══ Data

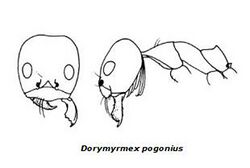 Dorymyrmex pogonius.jpg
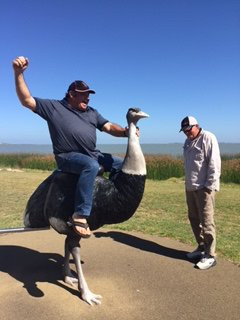 Birdman of the Coorong-Meningie必去景点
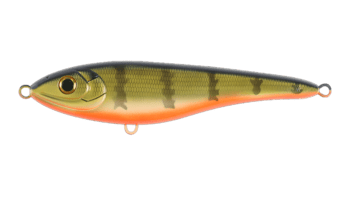 C790F-UV Baby Perch Big Bandit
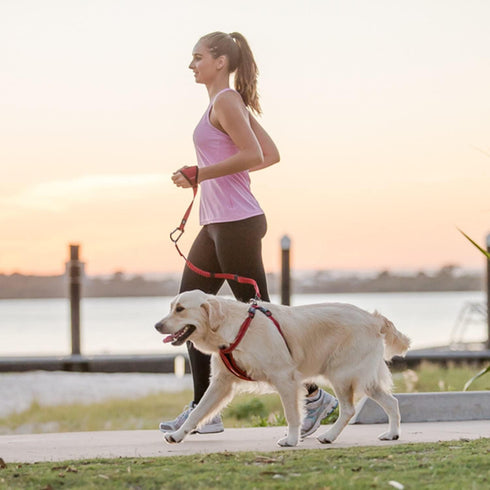 EzyDog Premium Handy Dog Leash, 15”, Red, Soft Neoprene Glove for Running or Jogging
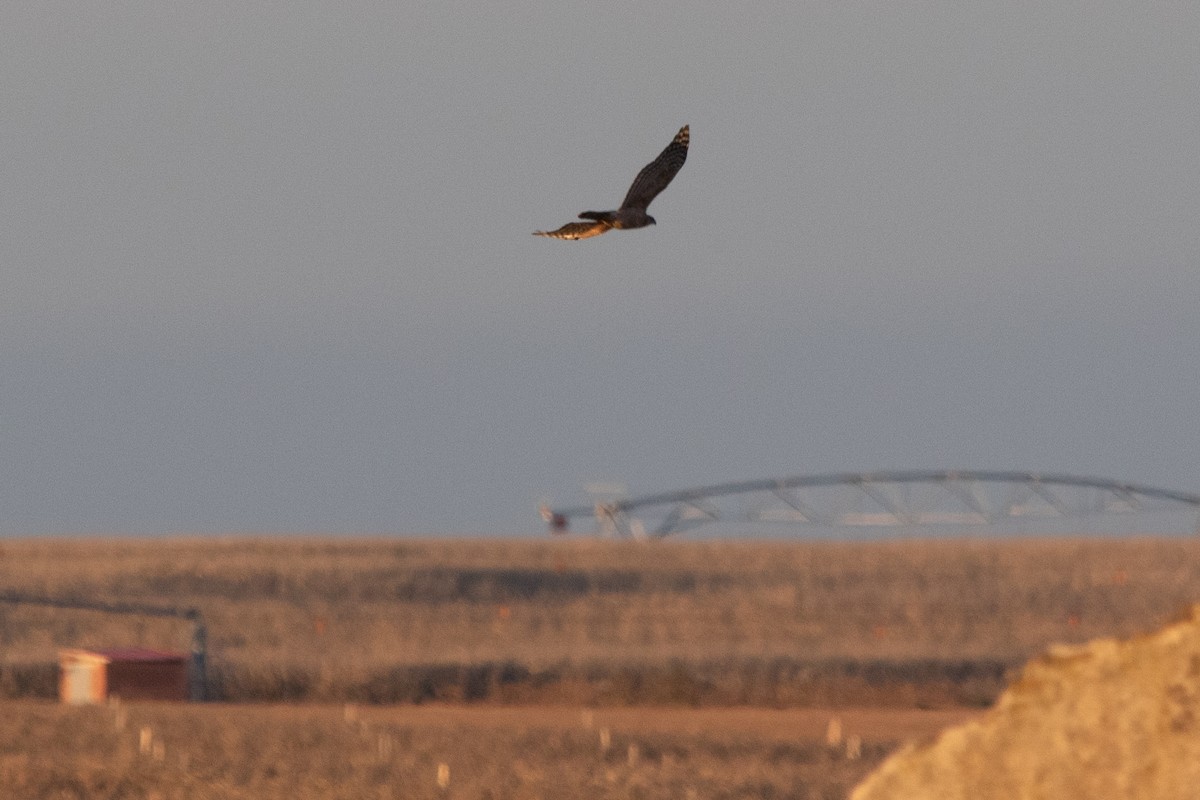 Eurasian Goshawk - ML646002585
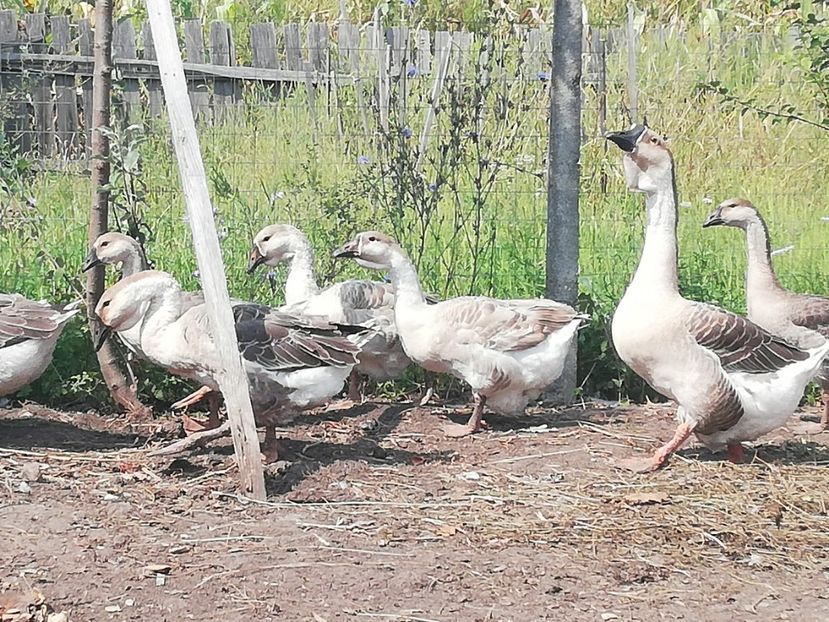  - Boboci de gasca africana 2018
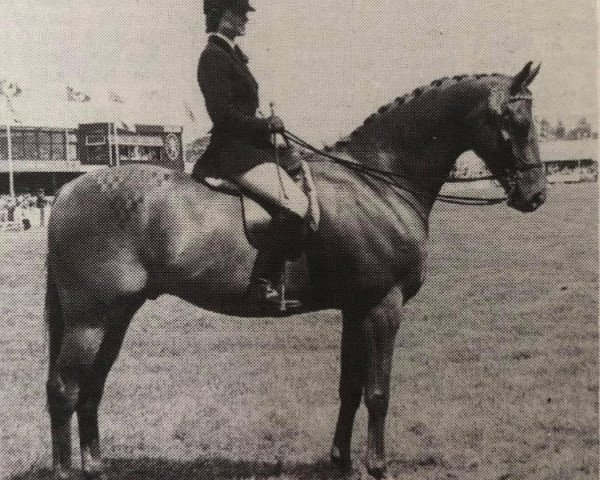 horse Chancley Voo Doo (British Riding Pony, 1974, from Mischiefmaker)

════

Exercise: Your copy should hold every entry exactly as written, but none of the pictures.

Response box:
 Dorymyrmex pogonius.jpg
 Birdman of the Coorong-Meningie必去景点
 C790F-UV Baby Perch Big Bandit
 EzyDog Premium Handy Dog Leash, 15”, Red, Soft Neoprene Glove for Running or Jogging
 Eurasian Goshawk - ML646002585
  - Boboci de gasca africana 2018
 horse Chancley Voo Doo (British Riding Pony, 1974, from Mischiefmaker)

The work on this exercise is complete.